Data "roundtrips" when it goes from one value, to another, and back to the same value without any data loss, gain, or corruption. If you write code, you have probably roundtripped JSON, YAML, TOML, or some other serialization format in your time. You have also probably written versions of functions that do a similar 'cycle' of some data. Any time you care about data being the same after it's gone through the ringer, you want to write a roundtrip test.

Pretend we have a system where data comes in as JSON. We slurp up that JSON into a type using serde (rust's idiomatic, type-driven serialization + deserialization library). That data might later go onto being a type unrelated to JSON, so we might write some From instances. This will be our adaptive layer so we can keep the shape of the JSON and our core types distinct. I mention this approach briefly in my post "Safely Shape Code with Curtains". The From instance would normally be trivial, but we don't want the JSON layer and the core types to look the same, do we? That would make the point of the JSON types moot:

struct JsonType {
  names: Option<Vec<String>>,
  ids: Vec<i64>,
}

struct CoreType {
  names: Vec<String>,
  ids: Vec<i64>,
}

impl From<JsonType> for CoreType {
  fn from(x: JsonType) -> Self {
    Self {
      names: x.names.unwrap_or(vec![]),
      ids: x.ids,
    }
  }
}

impl From<CoreType> for JsonType {
  fn from(x: CoreType) -> Self {
    Self {
      names: Some(x.unwrap())
      ids: x.ids,
    }
  }
}

We could test each direction in isolation, but that would mask the actual mistake here. Can you spot it? The roundtrip test in a property based testing context would find the failure quite quickly. I'll do it by hand here to demonstrate the mistake:

let beg = JsonType {
  names: None,
  ids: vec![1,2,3],
};
let roundtrip_fwd: CoreType = expected.into();
let end: JsonType = roundtrip_fwd.into();
assert_eq!(beg, end);

When the data comes back to the JSON layer, unless we tell serde that empty vectors are always Nones for this field, we've now lost information. Clients might care a lot that their POST of some JSON for creating an entity in this make-believe system is non-symmetric. Developers might be going between the core and the JSON types regularly, and they may even be using the JSON types to write to disk, too, which would mean what was passed up from the client is now not the same as what is stored.

We can extrapolate this sort of information loss or corruption to other conversions.
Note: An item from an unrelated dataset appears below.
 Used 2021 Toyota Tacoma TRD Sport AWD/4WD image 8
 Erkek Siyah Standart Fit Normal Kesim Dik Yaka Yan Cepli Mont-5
If you author an automatic code formatter, say prettier, gofmt, mix fmt, rustfmt, and so on, you'd want to make sure that any time you save a file and the formatter runs that your code is still the same code, semantically, as it was before saving the file. Although things might possibly look the same by eye, it could be another program entirely when run.

Food for thought

A quick refresher on functions.

  • Functions can be seen as mappings from one type of value to another
  • All possible values that can go into our mapping are known as the domain of a function
  • The set of all possible values our mapping can produce is called the codomain
  • The set of all values the mapping realistically produces is called the range or image

Ok, onto the concepts with fancy names:

  • An injective mapping is when a mapping goes from values in the domain to unique values in the codomain.

  • A surjective mapping is when a mapping goes from values in the domain to every value in the codomain, even if some mappings overlap.

  • A bijective mapping is simultaneously injective and surjective which means every value in the domain maps to every value in the codomain exactly once.

Why does this matter?

Bijective mappings give you an inverse function for free. If you are a value in the codomain and you know the mapping is bijective, then you can be sure that there must be one, and only one, value where you came from in the domain. One could prove bijections using classical means but we don't need to for production usage. Instead, it suffices to simply show the action going forwards and backwards.